A partir de ce concept, nous pouvons
faire appel au concept de l'écart de production.
Par définition, l'écart de production est la
différence entre la production effective et le niveau de production
potentielle (Ghislaine et al, 2005).
L'analyse de l'écart de production peut donc être
considérée comme le point de départ de l'étude de
l'analyse conjoncturelle basée sur le cycle de croissance.
La littérature économique distingue
généralement deux conceptions de la production potentielle
(Lamine, 2005). La première approche qui relève d'une conception
néoclassique soutient que la production potentielle est tirée par
les chocs exogènes de productivité, qui affectent l'offre globale
et déterminent, à la fois, le sentier de croissance de long terme
et les fluctuations à court terme de l'output. Dès lors, les
fluctuations du cycle des affaires ne sont pas causées par
l'insuffisance ou l'excès de demande globale, mais sont
provoquées par le comportement d'investissement d'agents
économiques rationnels qui réagissent à ces chocs de
productivité.
La seconde approche, qui s'inscrit dans la tradition
keynésienne, considère que le cycle des affaires résulte
principalement des mouvements de la demande globale, en relation avec un niveau
d'offre globale dont l'évolution est relativement lente. Durant les
phases de récession, il existe des facteurs de production qui ne sont
pas pleinement utilisés du fait de l'insuffisance de la demande
effective ; en particulier, le taux de chômage se situe au dessus de
son niveau d'équilibre, ce qui exerce une pression à la baisse
sur les prix. Dans ce cadre, l'évaluation de la production potentielle
s'avère nécessaire pour mettre en place une politique (aussi bien
monétaire que fiscale) de gestion de la demande.
L'interprétation des mêmes concepts dans un contexte
purement monétariste est radicalement différente. Dans la
théorie monétariste et la nouvelle macroéconomie
classique, l'économie est supposée être en permanence dans
une position d'équilibre stable (« steady state »)
et donc dans laquelle la production effective coïncide toujours avec la
production potentielle. Seulement des chocs peuvent faire éloigner
l'économie de sa position d'équilibre. Des chocs à
caractère permanent déterminent la position des «steady
state » tandis que des chocs transitoires déterminent des
fluctuations conjoncturelles.
Le produit potentiel est couramment assimilé à la
composante permanente de l'économie qui n'est typiquement pas
stationnaire. L'écart de production quant à lui est
assimilé à la composante transitoire de l'économie,
typiquement stationnaire mais pas nécessairement périodique. La
composante transitoire peut être divisée en une composante
cyclique et une composante irrégulière (Ghislaine, et al,
2005).
Ghislaine, et al. (2005) distinguent deux types de techniques
d'analyse des fluctuations économiques : la déviation par
rapport à la tendance, c'est - à - dire l'interprétation
des changements sur la production et le « gap closing » qui
nous permet d'analyser les phénomènes cycliques. Dans ce sens, si
on se réfère à une approche de moyen terme, le produit
potentiel est assimilé à la tendance et l'écart de
production à la déviation par rapport à la tendance.
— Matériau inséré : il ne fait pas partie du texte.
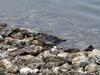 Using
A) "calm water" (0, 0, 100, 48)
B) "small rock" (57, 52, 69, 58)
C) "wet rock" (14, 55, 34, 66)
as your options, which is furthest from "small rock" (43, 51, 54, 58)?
"calm water" (0, 0, 100, 48)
Alternativement, si on se base sur le court terme, l'évolution de
l'écart de production correspond aux fluctuations économiques
principalement expliquées par la composante cyclique de
l'économie.
D'un point de vue cyclique, l'analyse de l'écart de
production permet d'identifier les phases du cycle conjoncturel
(accélération, décélération). Du point de
vue de la tendance, l'écart de production identifie les
déviations de la tendance et le lien entre le produit potentiel, et
l'écart de production nous permet de détecter les points de
recouvrement ou récession.
Dans le cas de nos analyses, pour déterminer le produit
potentiel, nous avons tenu compte des conditions et réalités de
l'économie congolaise où l'inflation bat son plein et dans
laquelle on fonctionne en dessous de ses capacités de production. Nous
avons aussi tenu compte de l`ouverture de la RDC à d'autres
économies du monde à travers ses termes d'échanges, voici
l'équation à laquelle nous allons utiliser tout au long de nos
analyses pour déterminer le produit potentiel :
Log(Y/L) = a+b*Infl +c*TE+d*RInfl +u (9) où
Y : produit intérieur brut réel ou production
en valeur réelle ;
L : population totale par année ;
Infl : le taux d'inflation ;
TE : termes d'échanges ;
Rinfl : ratio du taux d'inflation ;
u : terme d'erreurs ;
a, b, c, et d sont toutes des constantes ;
Log : le logarithme naturel.
Dans ces analyses, c'est l'optique production qui nous
intéresse de plus parmi les optiques déterminantes du produit
intérieur brut (soit optique production, optique revenu et optique
dépense).
Notre étude a retenu une variable dépendante
(LogY/L) et trois variables indépendantes (Infl, RInfl et TE). Notre
fonction est construite de la manière suivante :
Log(Y/L)= F(Infl, RInfl, TE)
(+) (-) (+)
Où :
Log : logarithme naturel ;
Y/L : Produit intérieur brut réel par
habitant ;
Infl. : taux d'inflation ;
RInfl. : ratio d'inflation au produit intérieur brut
réel ;
TE : terme d'échanges total
Le signe (+) ou (-) sous chaque variable explicative indique a
priori l'impact attendu de la variable considérée sur le produit
intérieur brut réel estimé.
Loi d'Okun
La loi d'Okun relie la production et chômage
(Mankiw, 2003). Pour Samuelson et Nordhaus (2000), elle fournit le lien, de
toute première importance entre le marché des produits et le
marché de travail. Elle décrit la liaison entre les mouvements de
court terme du PIB réel et les variations du chômage.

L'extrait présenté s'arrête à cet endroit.